━━━ Excerpted records ━━━
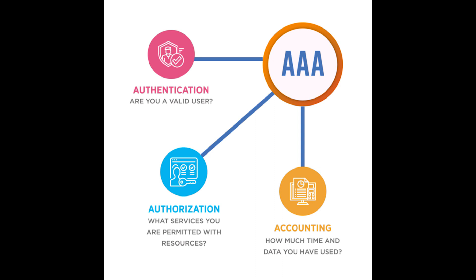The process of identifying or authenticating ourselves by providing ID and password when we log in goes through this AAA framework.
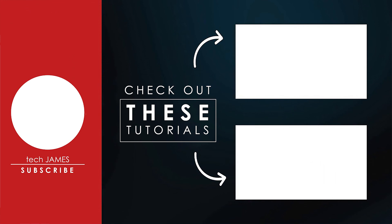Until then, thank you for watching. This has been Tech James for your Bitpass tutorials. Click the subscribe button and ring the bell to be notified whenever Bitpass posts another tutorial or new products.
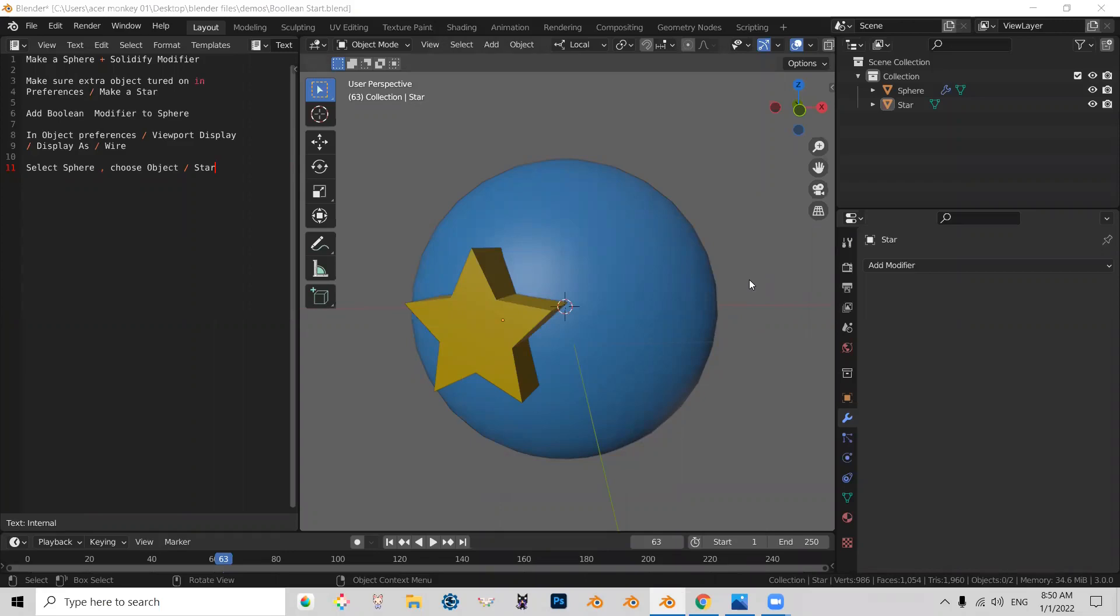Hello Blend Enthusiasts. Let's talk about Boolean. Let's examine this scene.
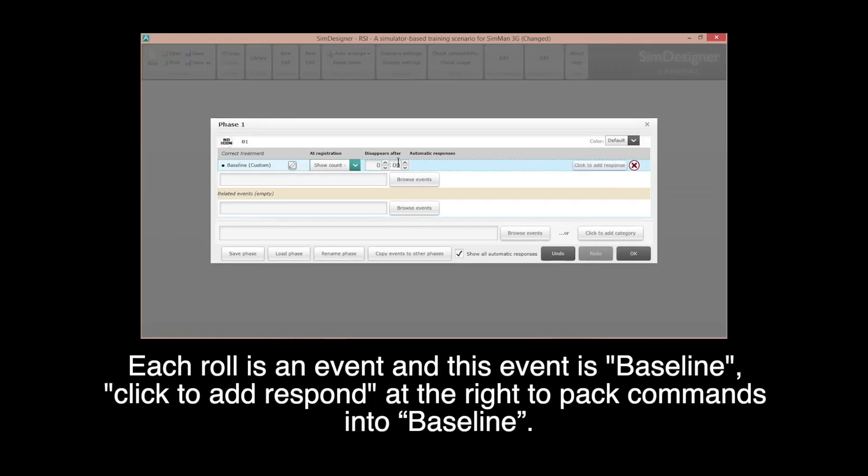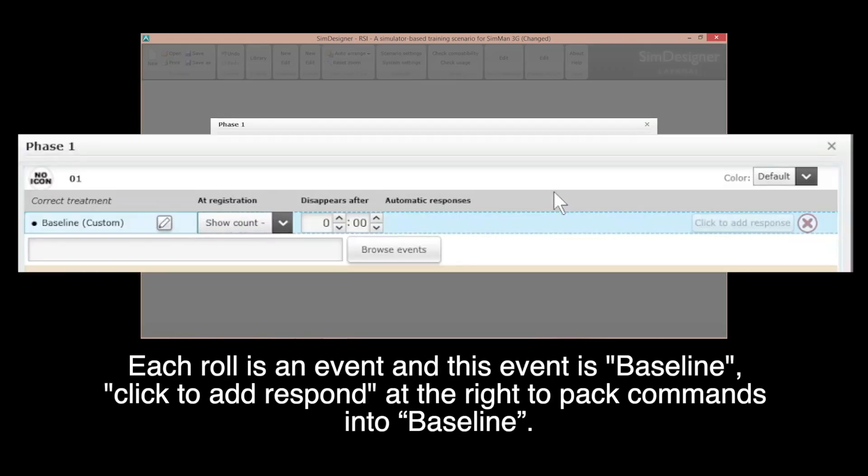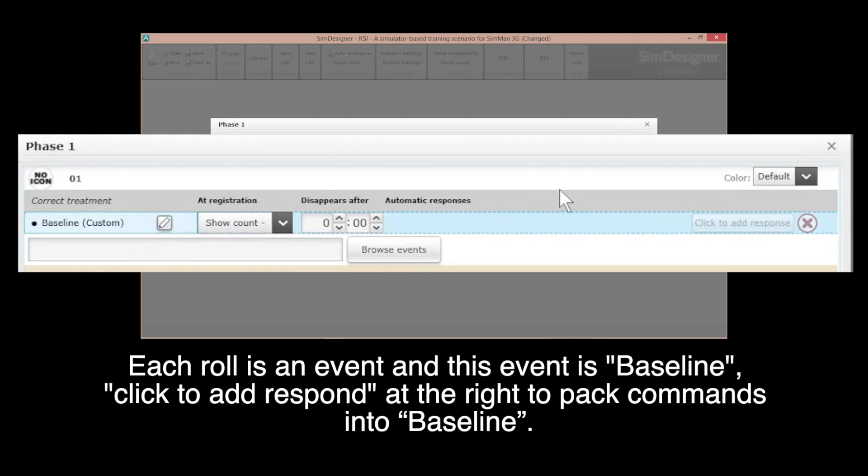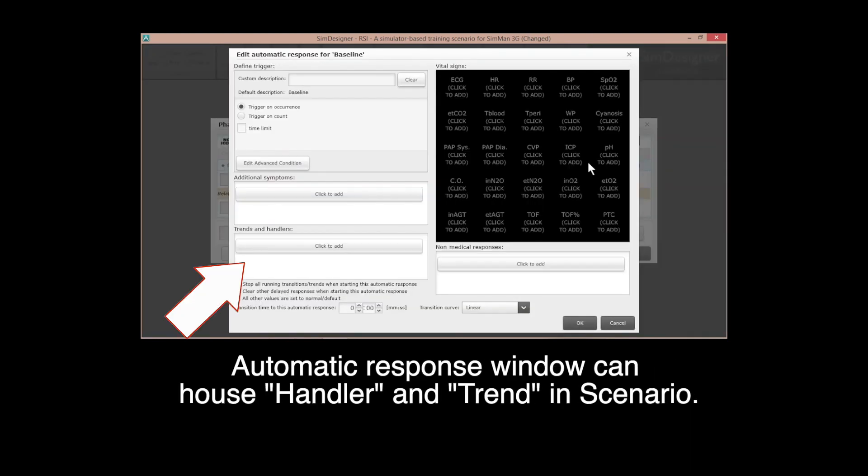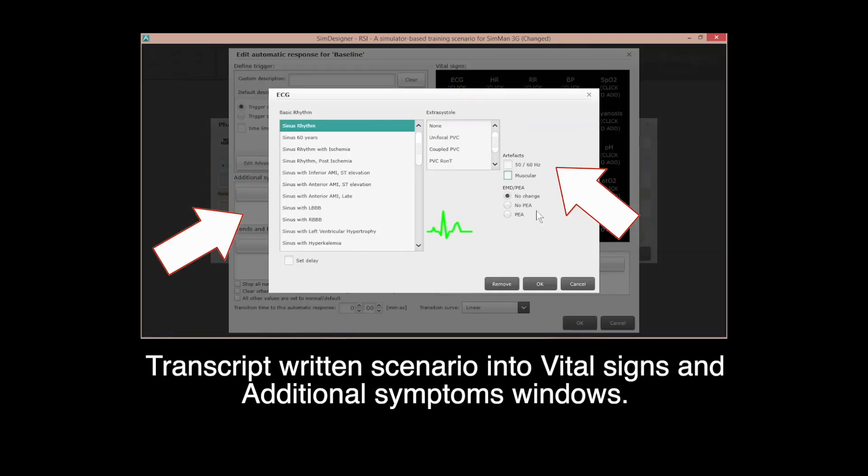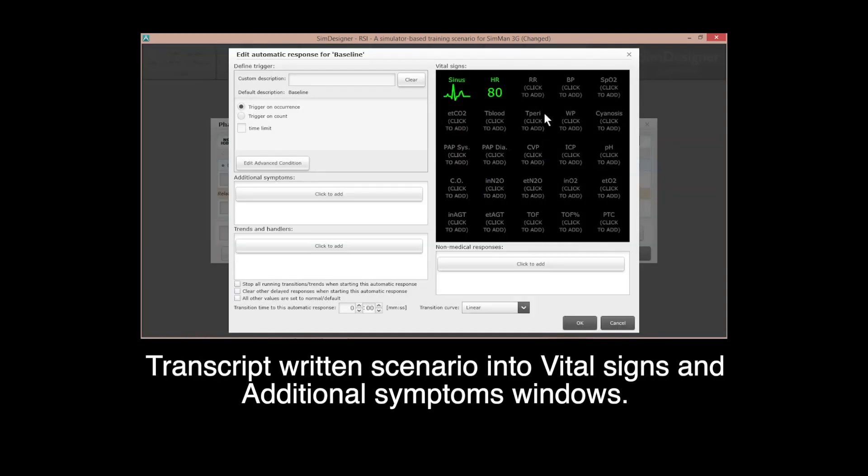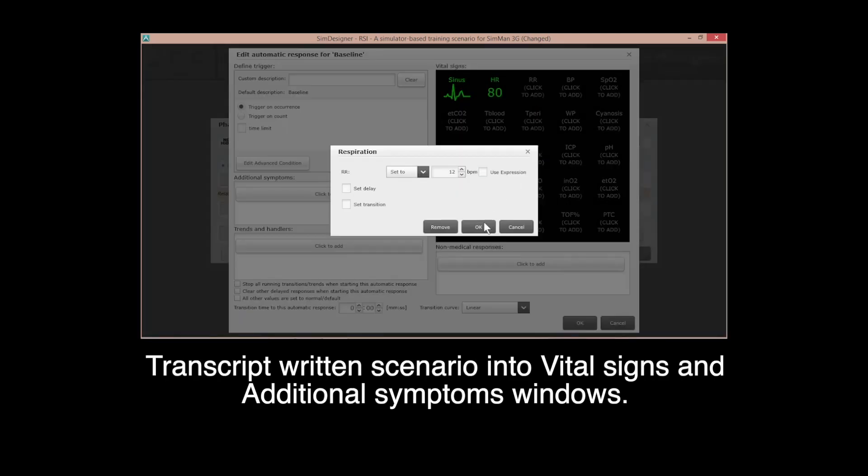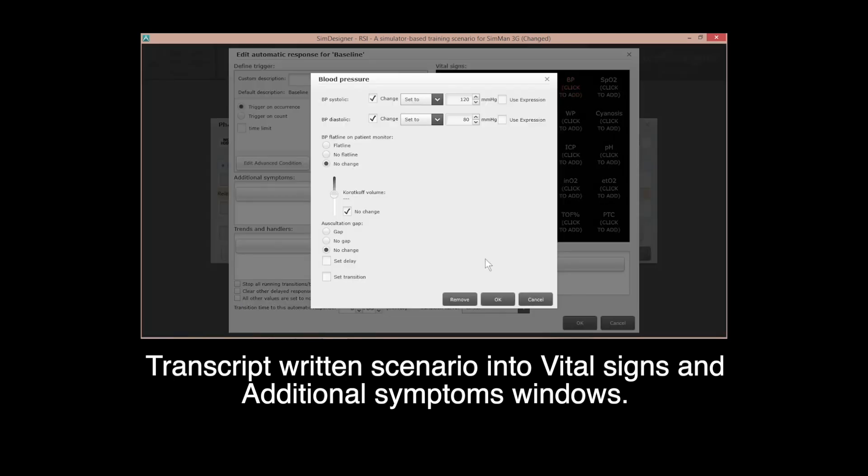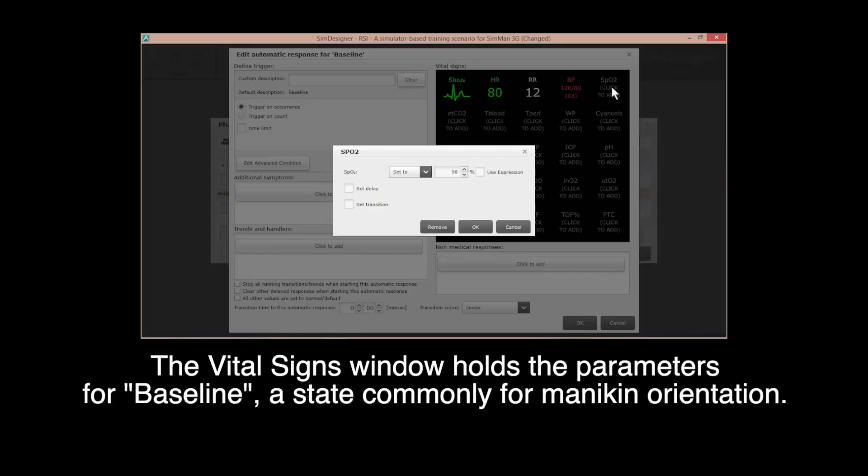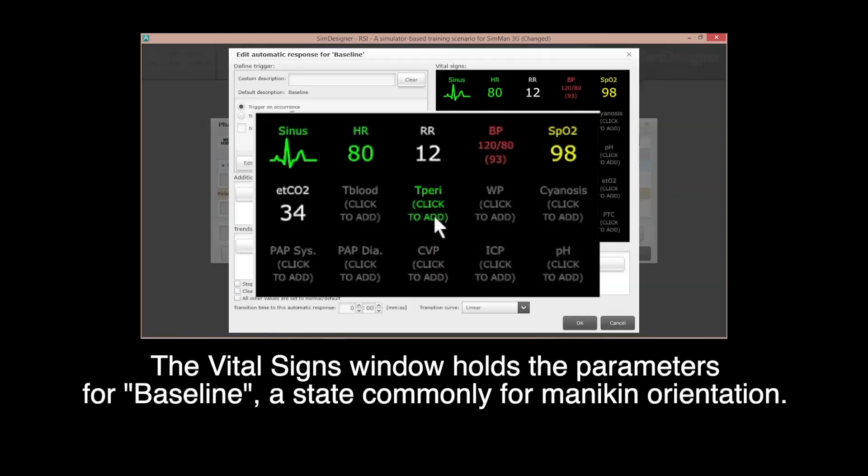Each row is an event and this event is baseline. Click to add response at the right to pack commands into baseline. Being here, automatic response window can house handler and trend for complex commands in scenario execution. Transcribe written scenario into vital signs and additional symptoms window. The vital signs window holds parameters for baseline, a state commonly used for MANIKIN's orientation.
━━━
━━━ Excerpted records ━━━
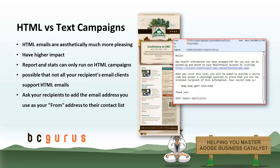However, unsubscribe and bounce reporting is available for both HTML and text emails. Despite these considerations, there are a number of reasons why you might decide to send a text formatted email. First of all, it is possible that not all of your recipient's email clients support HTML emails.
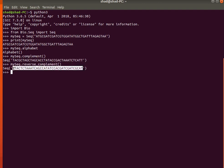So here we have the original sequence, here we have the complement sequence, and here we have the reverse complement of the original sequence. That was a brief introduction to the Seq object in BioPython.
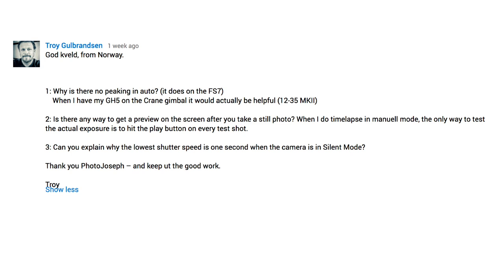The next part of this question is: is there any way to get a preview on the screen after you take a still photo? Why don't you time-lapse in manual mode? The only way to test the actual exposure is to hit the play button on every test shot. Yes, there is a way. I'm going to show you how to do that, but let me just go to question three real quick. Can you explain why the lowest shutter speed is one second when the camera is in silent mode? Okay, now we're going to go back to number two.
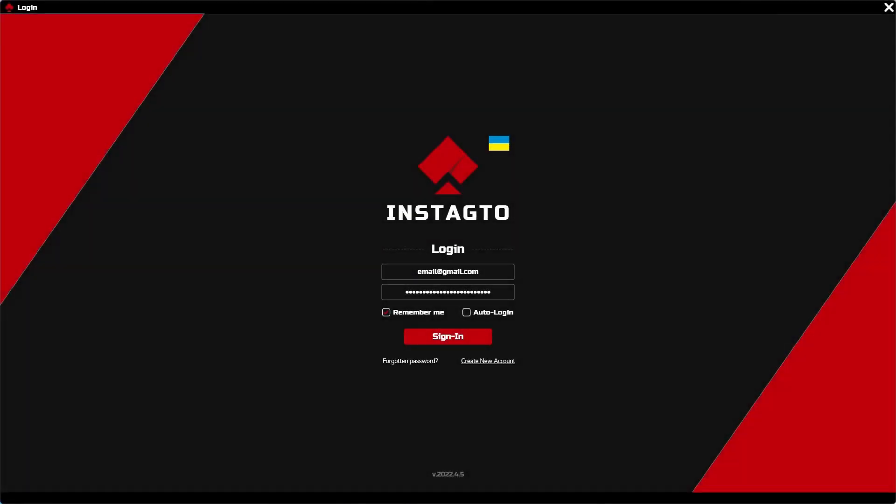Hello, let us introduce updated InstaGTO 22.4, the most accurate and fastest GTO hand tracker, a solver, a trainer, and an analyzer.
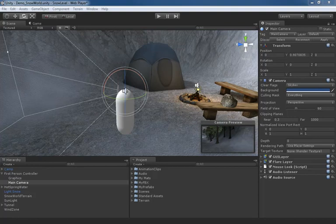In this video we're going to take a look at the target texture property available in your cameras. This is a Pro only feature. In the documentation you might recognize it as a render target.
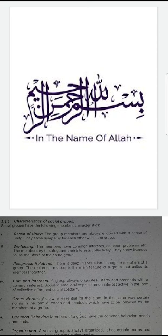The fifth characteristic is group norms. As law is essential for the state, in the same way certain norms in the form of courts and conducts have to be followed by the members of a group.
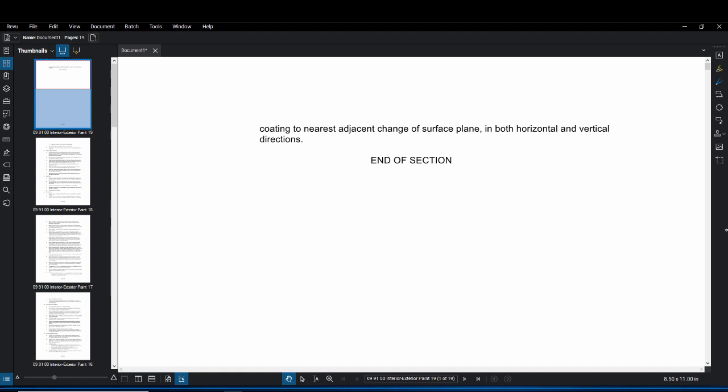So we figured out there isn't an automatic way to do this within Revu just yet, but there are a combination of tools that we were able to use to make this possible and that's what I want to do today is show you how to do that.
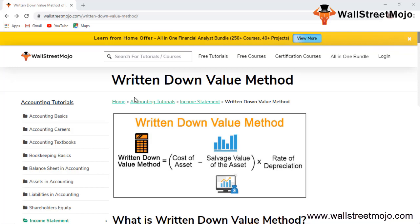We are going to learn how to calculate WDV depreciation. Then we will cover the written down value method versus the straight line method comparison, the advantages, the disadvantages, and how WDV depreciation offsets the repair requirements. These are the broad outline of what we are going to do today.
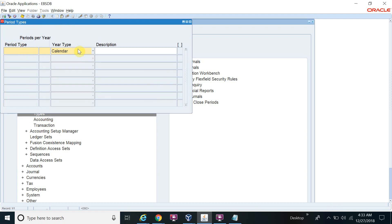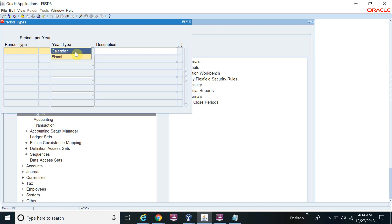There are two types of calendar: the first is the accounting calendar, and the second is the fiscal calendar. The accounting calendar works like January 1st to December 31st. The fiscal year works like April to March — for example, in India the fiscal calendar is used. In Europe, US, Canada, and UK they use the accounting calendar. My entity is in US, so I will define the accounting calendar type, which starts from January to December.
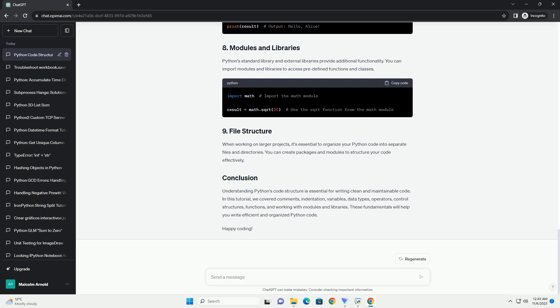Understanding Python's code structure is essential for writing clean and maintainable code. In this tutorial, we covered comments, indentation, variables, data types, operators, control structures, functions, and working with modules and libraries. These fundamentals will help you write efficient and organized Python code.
━━━
From the data above, return only the lines starting at the line that holds "The process of" and ending at the line that holds "Hello Blend Enthusiasts.", word for word and without pictures.

The process of identifying or authenticating ourselves by providing ID and password when we log in goes through this AAA framework.
Until then, thank you for watching. This has been Tech James for your Bitpass tutorials. Click the subscribe button and ring the bell to be notified whenever Bitpass posts another tutorial or new products.
Hello Blend Enthusiasts. Let's talk about Boolean. Let's examine this scene.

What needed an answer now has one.